The Silk Road was a network of trade routes connecting China and the Far East with the Middle East and Europe.
Established when the Han Dynasty in China officially opened trade with the West in 130 B.C., the Silk Road routes remained in use until 1453 A.D., when the Ottoman Empire boycotted trade with China and closed them.
Although it’s been nearly 600 years since the Silk Road has been used for international trade, the routes had a lasting impact on commerce, culture and history that resonates even today:
At Pedrami Gallery, we propose a contemporary dialogue of artistic and cultural connections throughout the East and the West, by showcasing seven artists of our Gallery, in communication with the South-Korean guest-artist Subin Son, to question and understand how we experience art in a contemporary world, where culture is being constantly intersected.

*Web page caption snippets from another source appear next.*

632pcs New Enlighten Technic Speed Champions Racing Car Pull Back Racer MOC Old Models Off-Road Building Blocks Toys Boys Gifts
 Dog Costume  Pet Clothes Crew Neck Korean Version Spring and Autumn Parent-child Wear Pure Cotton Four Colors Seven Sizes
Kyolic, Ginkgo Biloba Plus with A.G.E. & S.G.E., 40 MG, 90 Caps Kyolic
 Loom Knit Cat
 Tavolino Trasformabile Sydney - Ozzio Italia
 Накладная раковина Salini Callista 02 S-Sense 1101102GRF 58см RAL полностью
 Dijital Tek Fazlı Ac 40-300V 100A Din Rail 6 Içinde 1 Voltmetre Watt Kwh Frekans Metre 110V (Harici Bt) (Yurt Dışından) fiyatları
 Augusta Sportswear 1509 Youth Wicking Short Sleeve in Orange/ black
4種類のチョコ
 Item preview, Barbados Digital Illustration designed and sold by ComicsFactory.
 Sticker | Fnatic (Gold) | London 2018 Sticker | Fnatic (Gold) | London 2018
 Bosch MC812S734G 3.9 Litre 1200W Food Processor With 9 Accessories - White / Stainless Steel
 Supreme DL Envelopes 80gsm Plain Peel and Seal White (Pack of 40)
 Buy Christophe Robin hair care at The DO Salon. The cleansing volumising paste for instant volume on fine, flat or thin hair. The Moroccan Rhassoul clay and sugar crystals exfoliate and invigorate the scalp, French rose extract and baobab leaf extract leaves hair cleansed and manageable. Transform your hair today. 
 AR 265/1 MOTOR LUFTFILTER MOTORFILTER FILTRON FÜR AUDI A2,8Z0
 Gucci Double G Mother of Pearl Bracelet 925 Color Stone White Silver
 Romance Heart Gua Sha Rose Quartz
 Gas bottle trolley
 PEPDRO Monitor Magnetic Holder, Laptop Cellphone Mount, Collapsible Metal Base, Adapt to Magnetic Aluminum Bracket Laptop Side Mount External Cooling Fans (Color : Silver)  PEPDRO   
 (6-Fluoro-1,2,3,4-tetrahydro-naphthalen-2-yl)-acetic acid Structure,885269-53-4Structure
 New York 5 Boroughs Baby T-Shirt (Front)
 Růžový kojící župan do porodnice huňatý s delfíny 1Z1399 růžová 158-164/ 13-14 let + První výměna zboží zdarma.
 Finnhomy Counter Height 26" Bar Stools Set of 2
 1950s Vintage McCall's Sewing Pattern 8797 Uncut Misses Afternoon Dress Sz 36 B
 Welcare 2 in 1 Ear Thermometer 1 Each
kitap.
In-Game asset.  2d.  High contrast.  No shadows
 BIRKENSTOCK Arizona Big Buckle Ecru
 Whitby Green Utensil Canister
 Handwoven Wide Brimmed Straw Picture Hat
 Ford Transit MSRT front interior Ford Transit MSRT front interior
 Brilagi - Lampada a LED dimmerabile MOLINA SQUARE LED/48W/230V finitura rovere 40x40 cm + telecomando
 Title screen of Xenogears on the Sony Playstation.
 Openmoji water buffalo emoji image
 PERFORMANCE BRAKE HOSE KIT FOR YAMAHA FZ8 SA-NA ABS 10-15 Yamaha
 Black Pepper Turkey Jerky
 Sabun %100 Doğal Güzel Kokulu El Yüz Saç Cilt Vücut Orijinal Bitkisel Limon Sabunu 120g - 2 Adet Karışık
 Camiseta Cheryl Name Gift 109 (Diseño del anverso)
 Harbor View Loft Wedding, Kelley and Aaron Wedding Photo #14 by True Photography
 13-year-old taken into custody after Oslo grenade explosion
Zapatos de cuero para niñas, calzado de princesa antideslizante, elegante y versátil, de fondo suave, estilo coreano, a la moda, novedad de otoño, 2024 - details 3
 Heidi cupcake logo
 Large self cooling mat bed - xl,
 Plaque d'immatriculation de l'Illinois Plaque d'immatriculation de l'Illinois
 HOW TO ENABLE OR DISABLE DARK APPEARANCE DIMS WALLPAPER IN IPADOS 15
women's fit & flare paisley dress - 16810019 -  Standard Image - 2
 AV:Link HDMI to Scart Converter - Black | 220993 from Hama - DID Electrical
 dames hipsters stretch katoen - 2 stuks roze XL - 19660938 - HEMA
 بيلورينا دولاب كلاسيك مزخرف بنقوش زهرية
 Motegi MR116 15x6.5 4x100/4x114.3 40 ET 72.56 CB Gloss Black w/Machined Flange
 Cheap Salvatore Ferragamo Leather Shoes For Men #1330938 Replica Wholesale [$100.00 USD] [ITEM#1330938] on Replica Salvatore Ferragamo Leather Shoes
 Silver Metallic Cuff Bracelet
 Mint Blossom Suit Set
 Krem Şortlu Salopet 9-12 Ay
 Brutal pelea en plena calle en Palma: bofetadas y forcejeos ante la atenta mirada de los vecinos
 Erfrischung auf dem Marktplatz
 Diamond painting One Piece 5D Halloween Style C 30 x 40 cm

This artistic exchange can be historically seen mostly in calligraphy, painting, porcelain, and sculpture trading during The Silk Road, where China and the Middle East interpreted each other’s culture. With a contemporary view and curated by Bruno Devos, the work of Nasser Bahkshi, Salam Ata Sabri, Roghayeh Najdi and Subin Son show how highly connected societies and media platforms become a tool to show art as an alternative exchange space for discussion of cultural transformations, social and global processes, and the reflection of problems that local societies face in a global context.
Movement, imagery representation and circulation are also historical concepts that artists make their own: Wendy Krochmal, Eileen Cohen Sussholz, Mohammad Barrangi, and Gil & Moti, put painting, performance and sculpture as a road that enables communication with a multicultural spectator, and show that the intermingling of peoples from seemingly disparate cultures is certainly one of the most important aspects of human society.